Artinya rupiah sudah melemah 0,22% dari penutupan pada akhir pekan lalu di level Rp 14.410 per dolar AS.
Rupiah hari ini sendiri diperkirakan berpotensi melemah. Analis Monex Investindo Futures Faisyal menjelaskan, ada kemungkinan dolar AS masih melanjutkan penguatan walaupun relatif terbatas. Sentimen soal pergerakan yield US Treasury masih akan jadi katalis utama.
“Tapi pasar juga akan menantikan seperti apa hasil pertemuan AS dengan China, apakah hasilnya membaik atau tidak. Jika membaik, ini bisa menjadi sentimen positif untuk aset berisiko,” jelas Faisyal dilansir dari Kontan.co.id, Senin (22/3/2021).

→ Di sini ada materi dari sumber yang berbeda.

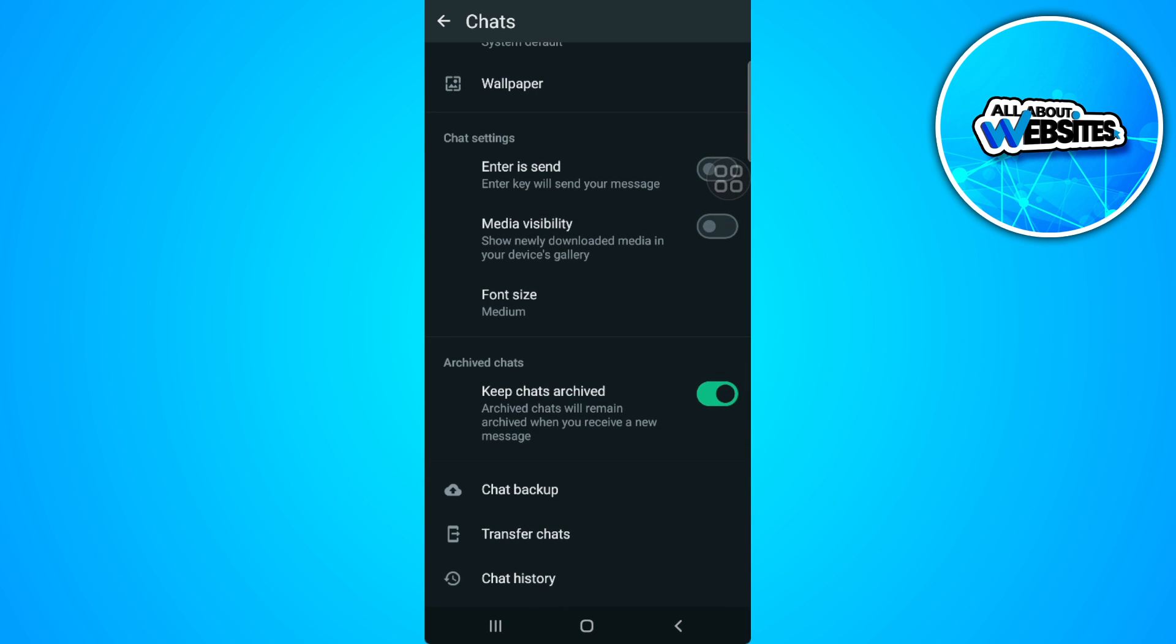Just tap on the Meta AI setting to toggle it on and off. What you want to do is simply toggle it off. By toggling it off, the Meta AI button on your WhatsApp will be removed or hidden.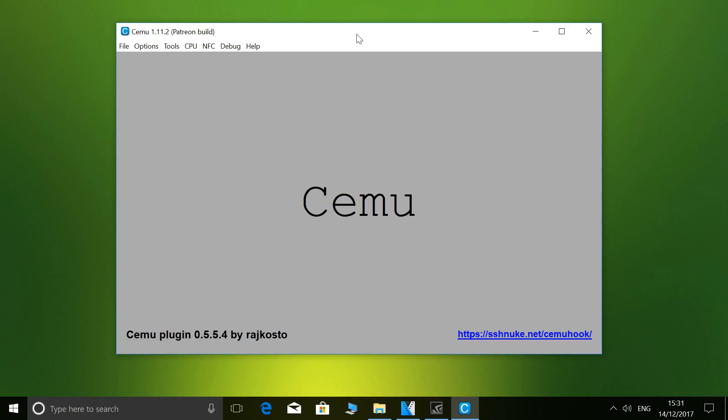In terms of upkeep, I always try to have the latest CEMU build, the most up-to-date CEMU Hook, I always download the latest NVIDIA driver, and Windows updates are free to do whatever they want to do.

Tak hanya itu, Faisyal menyebut pasar juga akan melihat perkembangan dari penggunaan vaksin AstraZeneca yang sempat dihentikan penggunaannya seiring timbulnya efek samping. Kabar yang beredar, Jerman sudah mengizinkan untuk digunakan lagi.
Faisyal pun memperkirakan, pada perdagangan Senin, rupiah akan bergerak pada kisaran Rp 14.400 – Rp 14.500 per dolar AS. (FA/SI).